This is my sample libcurl code.

curl_easy_setopt(curl, CURLOPT_USERNAME, "username@mydomain.com");     curl_easy_setopt(curl, CURLOPT_PASSWORD, "mypassword");     curl_easy_setopt(curl, CURLOPT_URL, "smtp://mail.mydomain.com:25");     curl_easy_setopt(curl, CURLOPT_USE_SSL, (long)CURLUSESSL_ALL);     curl_easy_setopt(curl, CURLOPT_MAIL_FROM, FROM);     recipients = curl_slist_append(recipients, TO);     curl_easy_setopt(curl, CURLOPT_MAIL_RCPT, recipients);     curl_easy_setopt(curl, CURLOPT_INFILESIZE, file_size);     curl_easy_setopt(curl, CURLOPT_READFUNCTION, fileBuf_source);     curl_easy_setopt(curl, CURLOPT_READDATA, &file_upload_ctx);     curl_easy_setopt(curl, CURLOPT_UPLOAD, 1L);     curl_easy_setopt(curl, CURLOPT_VERBOSE, 1L); //Dont display Curl Connection data Change 1L to 0      res = curl_easy_perform(curl); 

When I run this code, I am getting the below error.

* Rebuilt URL to: smtp://mail.mydomain.com:25/ * Hostname was NOT found in DNS cache *   Trying <My mail domain Ip address>... * Connected to mail.mydomain.com (<My mail domain Ip address>) port 25 (#0) < 220 mail.mydomain.com ESMTP > EHLO client6 < 250-mail.mydomain.com < 250-PIPELINING < 250-SIZE 20480000 < 250-VRFY < 250-ETRN < 250-STARTTLS < 250-AUTH PLAIN LOGIN < 250-ENHANCEDSTATUSCODES < 250-8BITMIME < 250 DSN > STARTTLS < 220 2.0.0 Ready to start TLS * successfully set certificate verify locations: *   CAfile: none   CApath: /etc/ssl/certs * SSL certificate problem: self signed certificate * Closing connection 0 curl_easy_perform() failed: Peer certificate cannot be authenticated with given CA certificates 

1 Answers

Answers 1

Your issue is that your server is providing a self-signed certificate so curl is not able to verify its provenance. You have several options:

  • The best option is to get a server certificate that is signed by a well-known certificate authority. Some CAs will issue a certificate you can use for free; search for "free ssl certificate". You will need to be able to provide some proof that you control the domain.
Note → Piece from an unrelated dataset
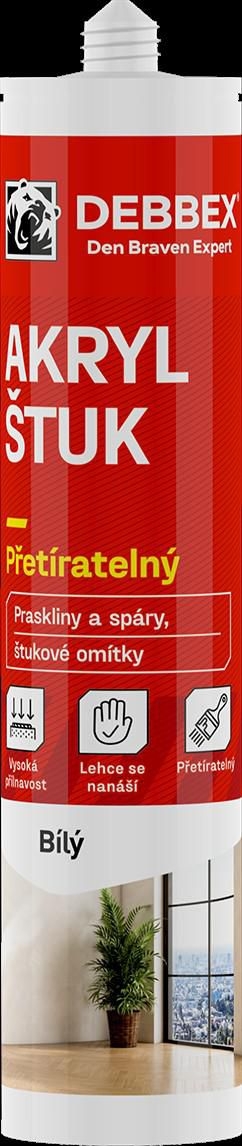 Domácnost a Zahrada - Akrylový štukový tmel bílý 280ml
  • You can install your self-signed certificate to the list of trusted CAs on the computer(s) that run your libcurl code. The procedure to do this depends on your OS (even different distributions of Linux may do this differently). This link is a decent starting point for Linux.

  • Your program can tell libcurl to verify with the self-signed certificate. See Adding self-signed SSL certificate for libcurl.

  • You can create your own certificate authority and use either of the previous two approaches. The advantage of this over self-signing is it decouples the signing and the signed certificates. If you want to change the server certificate (e.g. if it expires or the host name changes) you don't necessarily need to reconfigure all the clients.

  • For completeness, you could disable verification by setting CURLOPT_SSL_VERIFYPEER to 0. This is highly discouraged, however, as it makes the access insecure. You should only do this for testing purposes, or in the rare case that the network between client and server is guaranteed to be secure.